Going line by line through the records below, count those containing the word "Maxi", then give only the count.

Items from a data source —
--- START ---

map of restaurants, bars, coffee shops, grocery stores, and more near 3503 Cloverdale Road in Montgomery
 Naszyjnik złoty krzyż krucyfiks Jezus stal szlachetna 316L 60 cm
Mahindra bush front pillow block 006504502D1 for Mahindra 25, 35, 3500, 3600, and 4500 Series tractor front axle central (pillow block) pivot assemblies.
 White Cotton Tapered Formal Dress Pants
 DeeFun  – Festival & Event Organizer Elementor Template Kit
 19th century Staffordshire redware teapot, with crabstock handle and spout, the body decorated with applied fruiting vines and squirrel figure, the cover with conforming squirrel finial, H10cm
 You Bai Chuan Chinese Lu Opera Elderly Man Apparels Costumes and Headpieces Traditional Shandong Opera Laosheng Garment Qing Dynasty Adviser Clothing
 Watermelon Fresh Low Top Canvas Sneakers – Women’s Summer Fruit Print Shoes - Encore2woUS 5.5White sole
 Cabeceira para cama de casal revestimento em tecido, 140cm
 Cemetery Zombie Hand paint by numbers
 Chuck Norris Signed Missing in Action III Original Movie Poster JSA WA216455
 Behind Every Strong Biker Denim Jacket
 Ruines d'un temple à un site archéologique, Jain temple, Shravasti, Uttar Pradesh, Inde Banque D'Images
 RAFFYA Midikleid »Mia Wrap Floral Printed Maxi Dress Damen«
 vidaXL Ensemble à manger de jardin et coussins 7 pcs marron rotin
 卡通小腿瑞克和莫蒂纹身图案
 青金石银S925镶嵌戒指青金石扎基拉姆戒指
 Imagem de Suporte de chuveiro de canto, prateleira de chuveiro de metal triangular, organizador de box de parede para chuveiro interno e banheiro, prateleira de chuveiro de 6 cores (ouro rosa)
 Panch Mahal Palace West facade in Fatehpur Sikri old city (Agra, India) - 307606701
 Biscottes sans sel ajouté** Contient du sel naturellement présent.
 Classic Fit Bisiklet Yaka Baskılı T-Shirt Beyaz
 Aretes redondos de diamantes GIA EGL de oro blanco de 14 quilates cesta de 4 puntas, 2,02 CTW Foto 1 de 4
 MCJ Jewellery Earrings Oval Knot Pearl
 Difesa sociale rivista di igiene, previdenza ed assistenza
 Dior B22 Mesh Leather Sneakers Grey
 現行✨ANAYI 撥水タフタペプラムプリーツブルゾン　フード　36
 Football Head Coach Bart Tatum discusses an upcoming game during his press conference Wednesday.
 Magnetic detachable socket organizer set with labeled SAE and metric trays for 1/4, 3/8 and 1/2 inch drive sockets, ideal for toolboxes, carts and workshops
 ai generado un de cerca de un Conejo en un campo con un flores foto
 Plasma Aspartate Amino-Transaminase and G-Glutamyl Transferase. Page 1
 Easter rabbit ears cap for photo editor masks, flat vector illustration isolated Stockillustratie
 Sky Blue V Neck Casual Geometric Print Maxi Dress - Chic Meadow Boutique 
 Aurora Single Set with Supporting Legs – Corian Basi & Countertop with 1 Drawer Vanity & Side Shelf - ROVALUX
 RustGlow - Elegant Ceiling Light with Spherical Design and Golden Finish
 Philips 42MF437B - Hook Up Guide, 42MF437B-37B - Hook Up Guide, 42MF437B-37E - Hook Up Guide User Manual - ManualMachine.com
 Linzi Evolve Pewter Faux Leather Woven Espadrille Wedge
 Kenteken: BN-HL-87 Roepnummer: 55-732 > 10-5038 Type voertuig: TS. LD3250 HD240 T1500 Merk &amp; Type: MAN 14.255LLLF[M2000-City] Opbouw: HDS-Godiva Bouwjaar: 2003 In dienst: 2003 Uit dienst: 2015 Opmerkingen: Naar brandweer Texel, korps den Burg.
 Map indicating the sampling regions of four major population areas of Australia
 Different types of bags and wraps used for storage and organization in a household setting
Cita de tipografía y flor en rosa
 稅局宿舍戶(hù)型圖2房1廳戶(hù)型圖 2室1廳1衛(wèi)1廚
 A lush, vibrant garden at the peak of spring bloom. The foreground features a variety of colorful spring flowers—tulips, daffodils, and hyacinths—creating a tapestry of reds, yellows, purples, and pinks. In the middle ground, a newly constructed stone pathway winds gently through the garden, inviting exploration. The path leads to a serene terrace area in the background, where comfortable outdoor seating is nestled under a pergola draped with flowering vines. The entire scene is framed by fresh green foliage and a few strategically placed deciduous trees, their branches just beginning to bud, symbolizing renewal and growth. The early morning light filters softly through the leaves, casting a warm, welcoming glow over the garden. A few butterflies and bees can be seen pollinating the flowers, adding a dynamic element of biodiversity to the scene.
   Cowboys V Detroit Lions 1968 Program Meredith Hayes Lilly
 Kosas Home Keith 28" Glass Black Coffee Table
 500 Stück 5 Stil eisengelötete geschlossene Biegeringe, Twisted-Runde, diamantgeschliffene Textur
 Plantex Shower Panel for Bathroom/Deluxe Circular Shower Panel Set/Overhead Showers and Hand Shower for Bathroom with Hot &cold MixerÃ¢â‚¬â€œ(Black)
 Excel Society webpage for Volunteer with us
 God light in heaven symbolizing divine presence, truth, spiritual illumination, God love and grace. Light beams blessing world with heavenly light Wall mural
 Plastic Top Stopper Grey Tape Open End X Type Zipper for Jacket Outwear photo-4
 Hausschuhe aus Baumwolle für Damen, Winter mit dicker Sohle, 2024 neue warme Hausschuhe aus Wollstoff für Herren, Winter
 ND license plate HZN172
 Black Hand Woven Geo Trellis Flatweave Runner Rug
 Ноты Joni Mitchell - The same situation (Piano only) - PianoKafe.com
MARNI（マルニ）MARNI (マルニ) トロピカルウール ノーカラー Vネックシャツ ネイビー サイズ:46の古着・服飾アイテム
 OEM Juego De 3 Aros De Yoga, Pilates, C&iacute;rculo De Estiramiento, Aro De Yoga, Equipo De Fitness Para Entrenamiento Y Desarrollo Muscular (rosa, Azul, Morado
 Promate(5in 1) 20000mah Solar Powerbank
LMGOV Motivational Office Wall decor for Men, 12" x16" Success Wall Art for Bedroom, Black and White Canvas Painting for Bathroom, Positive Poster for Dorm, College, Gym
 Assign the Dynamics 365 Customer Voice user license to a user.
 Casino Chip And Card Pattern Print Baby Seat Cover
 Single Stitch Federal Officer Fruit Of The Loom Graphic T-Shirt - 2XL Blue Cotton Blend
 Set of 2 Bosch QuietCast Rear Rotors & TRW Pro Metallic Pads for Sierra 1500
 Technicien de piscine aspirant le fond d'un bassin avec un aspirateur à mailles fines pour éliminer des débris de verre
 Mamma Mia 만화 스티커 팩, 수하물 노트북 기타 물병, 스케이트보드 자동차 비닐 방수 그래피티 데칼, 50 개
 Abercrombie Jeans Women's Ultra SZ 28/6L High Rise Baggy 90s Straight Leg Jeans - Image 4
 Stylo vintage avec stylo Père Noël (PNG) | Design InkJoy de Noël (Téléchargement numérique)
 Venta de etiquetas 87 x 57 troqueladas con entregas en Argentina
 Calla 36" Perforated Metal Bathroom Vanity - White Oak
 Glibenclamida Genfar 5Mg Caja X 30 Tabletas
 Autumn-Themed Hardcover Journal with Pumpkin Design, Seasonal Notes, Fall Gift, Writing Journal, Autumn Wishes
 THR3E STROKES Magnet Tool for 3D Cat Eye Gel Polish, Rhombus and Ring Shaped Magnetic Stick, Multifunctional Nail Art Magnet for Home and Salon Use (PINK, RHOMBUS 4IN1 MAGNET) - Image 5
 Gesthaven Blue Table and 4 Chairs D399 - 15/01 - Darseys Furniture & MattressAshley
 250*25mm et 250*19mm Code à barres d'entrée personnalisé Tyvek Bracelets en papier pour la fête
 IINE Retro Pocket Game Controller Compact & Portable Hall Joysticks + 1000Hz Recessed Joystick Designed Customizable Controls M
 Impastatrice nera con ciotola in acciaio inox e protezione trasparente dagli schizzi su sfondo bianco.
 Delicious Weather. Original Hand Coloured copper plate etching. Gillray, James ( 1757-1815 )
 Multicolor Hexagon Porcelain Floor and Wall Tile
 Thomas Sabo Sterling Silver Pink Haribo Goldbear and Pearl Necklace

--- END ---

Response to this exercise — 2